When Phillip Carr discovered that the drab, 1950s ex-pawnshop he’d bought to house his management company was actually an ornate historic building dating from the 1880s, his renovation plans changed. Instead of simply gutting the structure and constructing plain-vanilla office space, he decided to try to restore the building’s original grandeur. However, little more than the bones of the structure could be salvaged. In a labor of love, he redesigned the interior in a style that honored the building’s 19th-century origins, brought in a specialty mason to recreate the original brick façade, found an expert to rebuild the 1901 freight elevator and discovered a perfect replacement for the stamped-metal ceilings – Ceilume thermoformed ceiling tiles.
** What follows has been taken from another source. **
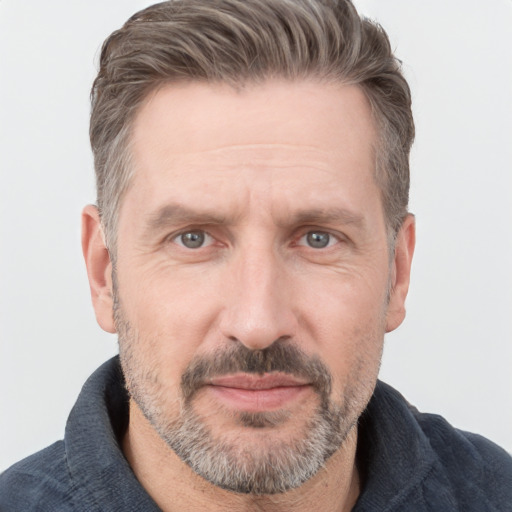 Joyful white adult male with short  brown hair and grey eyes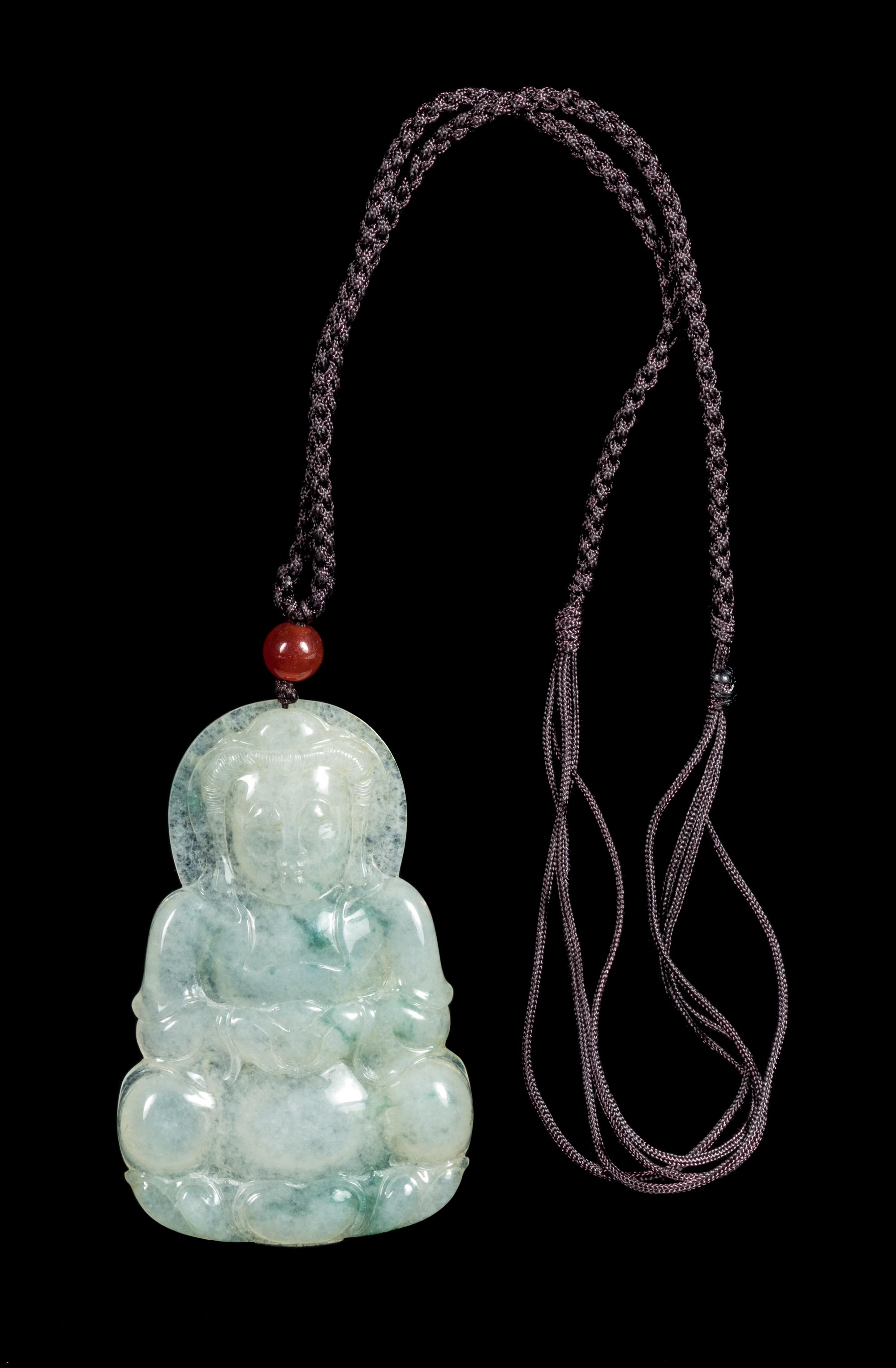 A Jadeite Buddha Pendant Length 2 3/4 inches. — 20TH CENTURY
The building at 400 Broad Street in Gadsden, Alabama, was constructed shortly after the 1883 fire that burnt out the downtown area. It was built by a Prussian immigrant, Herman Herzberg, who had fought in the Civil War and then went into the mercantile business. His store operated on the site until 1944 as Herzberg-Loveman Drygoods. The building was eventually sold in 1979 and became a large pawnshop. The decorative brick front was covered by a flat metal façade, the side and back exterior brick were coated with an inch of concrete and painted white. Half of the interior was closed off for storage of abandoned, unsold pawns, and the building was allowed to deteriorate slowly over the ensuing decades.
When Carr’s company bought it in 2010, “the building was in terrible, terrible shape,” according to Carr. His intention was to gut the structure and build out offices. “It wasn’t until we started doing the demolition that we saw what the building was really like,” he said. “We started tearing it all off and saw the real character of the building.” His team found a picture of the original structure in the collections of the Library of Congress, on a perspective map of the town that included pictures of local landmarks. They were amazed at the transformation that it had been subjected to.
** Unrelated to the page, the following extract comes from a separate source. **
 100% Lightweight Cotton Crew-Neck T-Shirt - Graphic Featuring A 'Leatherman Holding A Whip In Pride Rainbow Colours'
“We kind of backed up and said, ‘If we’re going to do this, we got to do it justice and return it to its original glory,’” Carr related. They removed the ugly metal façade but discovered that they could not successfully reveal the brick underneath the concrete coating. Instead, Carr found a specialty mason to recreate the original brick design in a new layer.
Little of the interior could be saved, either. The original stamped metal ceilings were still there but badly rusted and damaged. Only a small, inadequate number of tiles could be re-used. One feature they could not remove was a massive structural beam that runs from front to back between the first and second stories, dividing the building in two.
Acting as his own designer, Carr laid out a new vision for the interior. “We wanted something that matched that early-1800s, Jeffersonian kind of look,” Carr commented.
At the front, a two-story atrium rises from the main entrance to the second-floor landing/lounge, the two floors linked by an elegant iron spiral stairway. The upper landing is a lounge area, furnished like a sitting room in an elegant 19th-century home. Front glass was restored and expanded on both floors. The massive horizontal beam has become a catwalk that traverses the atrium to the three tall second-floor bay windows that overlook Broad Street. The stairway’s wrought-iron railings extend along the second-floor landing and across the catwalk, complemented by wrought iron chandeliers that light the space. Exposed brick of the exterior walls is paired with white formal millwork panels and moldings, set off by dark oak floors. A corridor of office spaces runs down either side of the building on each floor, simply but elegantly designed with white moldings against taupe walls.
The ceilings presented a restoration problem. “Tin and copper ceilings were just unbelievably expensive,” Carr recalled. “So, I just kept looking and researching online” until he found Ceilume thermoformed tiles. Ceilume makes 40 different patterns of three-dimensional tiles, including several that closely replicate the look of stamp metal ceilings. Among the color and finish options are three metallic finishes. For the atrium and the second-floor hallway that connects to it, Carr selected Ceilume’s Empire pattern in a copper finish, with a border-row of Ceilume’s Fleur-de-Lis, a pattern that resembles an array of small (6-inch) stamped metal tiles, also in copper. They were installed in standard 2-foot by 2-foot suspension grids, which were painted to match the tile.
The area of the first-floor reception desk and the connecting hallways features ceilings in Ceilume’s Stratford pattern, a low-profile design of concentric squares, in white. The pattern creates a sense of formality reminiscent of coffered ceilings and works well with the fluted moldings around the office doors to create that Jeffersonian look that Carr sought.
The restored building has been occupied for 13 years, tenanted by Carr’s management group, The Sterling Companies, as well as other businesses. It has proved an attractive office location. The exterior truly restores the building’s historic look, although the interior is probably more decorative and elegant than the dry goods store was in its day. Like the original establishment, however, it is well-suited to the commercial environment of the times, a building that attracts office tenants with an upscale atmosphere in which to do business.